Uniquely, Barra airport uses the beach as a runway for scheduled flights to and from Glasgow.

Under Civil Aviation Authority rules, small passenger aircraft are exempt from the usual obligations for full security screening. Passengers flying around Orkney already face no security checks before boarding flights.

But Prospect’s negotiator, David Avery, said the move to end checks before Loganair flights depart “puts staff and passengers at risk”.

He said that several strategic locations, as well as the airports themselves, were “far more likely to be potential targets”.

“The flight path into Glasgow is close to nuclear power facilities at Hunterston, the large oil terminal and facilities at Finnart on Loch Long, and Ministry of Defence establishments at Coulport, Faslane and Glen Douglas.”
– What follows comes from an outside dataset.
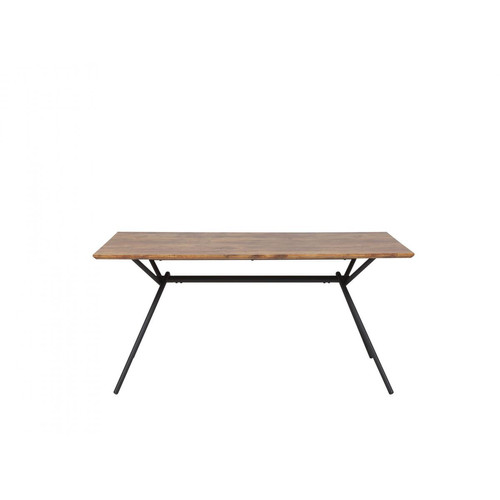 Tables d'appoint Table à manger effet bois foncé et noire 160 x 90 cm AMSTERDAM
The union says the decision puts 10 jobs at Tiree, Barra and Campbeltown airports at risk. It claims that the trigger for the move was a five per cent cut to HIAL’s budget.

But the airports operator says that it is making the security regime proportionate to the risk, and that passenger experience will improve: "These new arrangements have been agreed and approved by the Department for Transport and the Civil Aviation Authority. They continue to place safety and security at the forefront of every passenger’s journey, whilst offering facilitation benefits in most cases."

On most flights from small communities, the majority of passengers are personally known to airport and airline staff.

Anyone transferring to an onward flight will go through the normal security screening process at Glasgow airport.

HIAL’s airports are heavily subsidised by the Scottish government, to the tune of £22 for each passenger passing through the 12 airports last year.

While scheduled flights on larger aircraft are subject to international security stipulations, small planes are exempt. In locations such as Kenya, New Zealand and the Maldives, tourists are routinely transported without security checks.